Minha parte foi dada por encerrada. Mas quando me afastei do piano cenográfico, o horror: a tinta estava fresca, e o lindo vestido vermelho de seda que minha amiga tão generosamente me emprestara tinha enormes manchas brancas em toda a parte da frente. Fiquei desesperada, estávamos numa fase duríssima de grana e eu não teria como compensar Heleninha pelo prejuízo. Mas ela foi maravilhosa e compreensiva, disse que a responsabilidade era da produção, não minha, e que se entenderia com eles. Um alívio.

Na noite de Natal, quando sentamos diante da TV para assistir ao especial, minha filha Mariana perguntou: "Mãe, esse não é aquele homem que estava na gravação das minhas irmãs? O que ele está fazendo no seu programa?"

PS- Obrigada, Leroi, pelo link do YouTube, que confirma exatamente a minha memória daquele momento, vejam: http://www.youtube.com/watch?v=DeDjiI3YW8Y

10 Comments:

At 5:59 PM, Blogger Marcel said...

Eu sempre fui muito averso ao "Rei", mas há de se levar em consideração que muitas obras primas dele vieram do Erasmo.

Quanto a cena da tinta, a tragédia hoje soa cômica, mas imagino a saia justa que você tenha ficado na época.

Eu já fui apaixonado pela Zizi Possi, hoje só a observo de longe, ainda apreciando suas qualidades artísticas, as pernas ficam pra outra hora! hahaha

Essa história de galã é mais rodada que pneu usado, porque é uma mania de "Fulanas cantam Ciclano". Resultam em belos trabalhos, mas demais do mesmo sempre enjoa!

Depois de algumas risadas, esperamos que o "Rei" ou algum de seus lacaios venham aqui querer censurar a postagem! hahaha

Um beijo enorme.
Até Jazz!

O show domingo estava em resumo TUDO.

PS: Recebeu meu anexo via inbox no facebook? :)

 
At 10:02 AM, Blogger Leroi said...

Olá, Joyce.

Eu realmente acho muito interessante conhecer relatos como este que você acabou de contar. Quando pensamos no que aconteceu no momento da gravação, dá pra viajar um pouco junto com o programa que foi ao ar.

Achei o vídeo no YouTube.

http://www.youtube.com/watch?v=DeDjiI3YW8Y

E um grande parabéns para Heleninha, seu visual ficou ótimo.

Pra finalizar, o ano de 1982 foi muito importante; nasci exatamente lá.

Um forte abraço!

http://leroicotidiano.blogspot.com.br/

 
At 3:53 PM, Blogger Luiz Antonio said...

Que barato essa história, Joyce!
E sua franqueza se desnudando quanto a questão financeira, de gravadora, de sua música, de momento de carreira, de saber fazer parte do "bloco do tesão", enfim soube muito mais de você nesse relato autobiográfico (esse não da rolo, salvo se tiver que pedir licença aos envolvidos, na sua história de vida, para escrever a sua versão e seu entendimneto da coisa!)

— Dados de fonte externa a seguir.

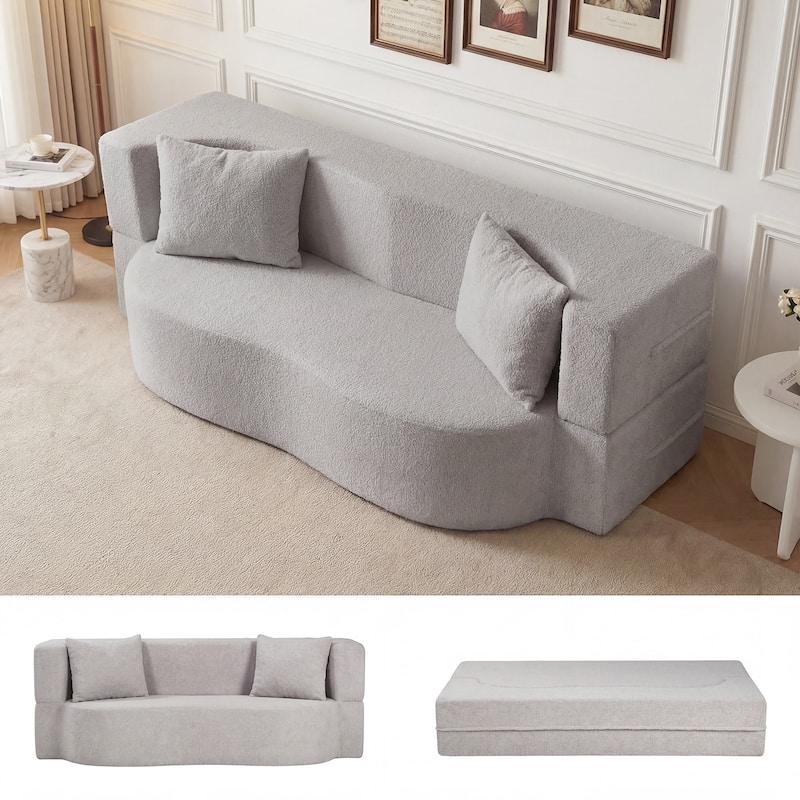 Gymax 75.5'' Folding Sofa Bed w/2 Comfortable Pillows No Assembly - Grey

Adorei imaginar sua filha e o RC tentando conquistá-la. Crianças (meninas) nessa idade são o melhor da vida!

"meu forte são as pernas" foi pra doer. foi terrível. sei bem o que é o momento em que fica claro que a arte, a inteligência e o talento, na hora da negociação, ficam da cintura para baixo ou memso no bolso a se contentar com merrecas para pagar as ocntas da casa!

Esse é o selvagem mundo do dinheiro, dos trilhardarios num dia, com coleção de mulhres lindas com colheiras de identificação(deles) penduradas no pescoço, e em recuperação judicial no outro!

Belo relato. Você na sua área eu na minha, mas sofrendo pressões iguais para "se vender". RESISTIMOS, pagamos o preço diarimanete por essa escolha, mas estamos aqui e sendo reconhecido pelos nossos trabalhos e por quem sabe dar o valor (infelizmnete , acho que em nosso caso os dois encontraram esse reconhecimento fora do Brasil, e eu depois dos 40 anos!)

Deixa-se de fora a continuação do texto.